In today’s case (Zale v. Colwell) the Plaintiff was injured in a BC motor vehicle collision. She sued in the Supreme Court. At trial she was awarded just over $10,000 for injuries and losses. Mr. Justice Harvey went on to award the Plaintiff costs despite the fact that the Small Claims Court could have heard the case. The Court provided the following reasons:
 None of the factors identified in Spencer have application here. The matter was not factually complex; it proceeded by judge alone; liability was admitted, obviating the need for examination for discovery by the plaintiff; the defendant resided within the jurisdiction; and, the matter did not proceed by way of summary trial.
 As was noted in Spencer, the desire of the plaintiff to have counsel, alone, is not a sufficient reason, of itself, to depart from the underlying proposition stated in R. 57(10). In any event, the plaintiff was represented when the action was originally commenced in Provincial Court in 2006.
 Lastly, the plaintiff says costs should be awarded owing to the fact the defendant, in effect ICBC, is an institutional litigant with rigid policies in low velocity collision claims such as this.
 The defendant, while admitting liability, put the plaintiff to the strict proof of any damages whatsoever arising from the accident. That position did not change throughout the trial process. As in Spencer, I am left with the conclusion that but for the trial process, the plaintiff would be left without a remedy…

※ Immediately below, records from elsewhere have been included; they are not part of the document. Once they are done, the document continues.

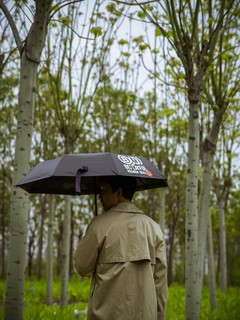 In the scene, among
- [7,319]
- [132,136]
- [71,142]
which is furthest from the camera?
[132,136]

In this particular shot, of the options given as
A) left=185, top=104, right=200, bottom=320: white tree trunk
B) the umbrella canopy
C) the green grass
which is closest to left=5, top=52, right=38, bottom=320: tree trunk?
the umbrella canopy

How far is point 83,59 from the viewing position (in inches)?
319

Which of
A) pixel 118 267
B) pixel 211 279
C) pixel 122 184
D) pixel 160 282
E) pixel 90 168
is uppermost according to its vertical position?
pixel 90 168

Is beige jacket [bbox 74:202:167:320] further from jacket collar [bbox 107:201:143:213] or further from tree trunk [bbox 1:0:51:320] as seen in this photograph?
tree trunk [bbox 1:0:51:320]

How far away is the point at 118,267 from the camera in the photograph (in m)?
2.87

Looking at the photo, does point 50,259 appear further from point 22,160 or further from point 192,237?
point 22,160

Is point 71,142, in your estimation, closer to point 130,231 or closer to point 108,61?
point 108,61

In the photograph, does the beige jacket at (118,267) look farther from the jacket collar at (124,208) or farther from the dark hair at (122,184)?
the dark hair at (122,184)

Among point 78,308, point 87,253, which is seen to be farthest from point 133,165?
point 78,308

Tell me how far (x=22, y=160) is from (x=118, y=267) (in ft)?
5.85

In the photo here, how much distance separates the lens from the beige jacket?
2850mm

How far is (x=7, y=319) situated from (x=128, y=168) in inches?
77.2

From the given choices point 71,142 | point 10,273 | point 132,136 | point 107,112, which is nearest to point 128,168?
point 10,273

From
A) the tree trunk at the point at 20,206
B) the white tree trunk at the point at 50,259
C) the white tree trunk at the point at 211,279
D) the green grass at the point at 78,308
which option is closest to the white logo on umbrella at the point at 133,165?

 In each of the above three decisions, the primary reason for awarding the plaintiff costs, in circumstances not unlike these facing the plaintiff here, was the consideration that given the need to retain counsel to battle an institutional defendant, a reasonable consideration in determining the forum is the matter of indemnity for the costs of counsel.
 Recognizing that the onus rests on the plaintiff to demonstrate sufficient reason to have raised the matter from Provincial Court to Supreme Court, I am not persuaded that the distinguishing factor noted by the defendant, that counsel was retained (albeit not the same counsel) for the Provincial Court proceeding, is sufficient to deprive the plaintiff of the costs of the proceeding under R. 66.
 I conclude that in the circumstances, it was ultimately reasonable for the plaintiff to make the decision to have the matter heard in Supreme Court.
 Accordingly, the plaintiff will have her costs pursuant to R. 66(29)(b).
I should point out that today’s case relied on BC Supreme Court Rule 57(10). This rule has now been repealed and replaced with Rule 14-1(10) which reads identically to Rule 57(10) so the precedents developed under Rule 57(10) regarding costs should continue to assist litigants under our new rules. I should also point out that the BC Court of Appeal is expected to address the issue of sufficient reason for suing in the BC Supreme Court and provide further clarity and certainty to this area of the law.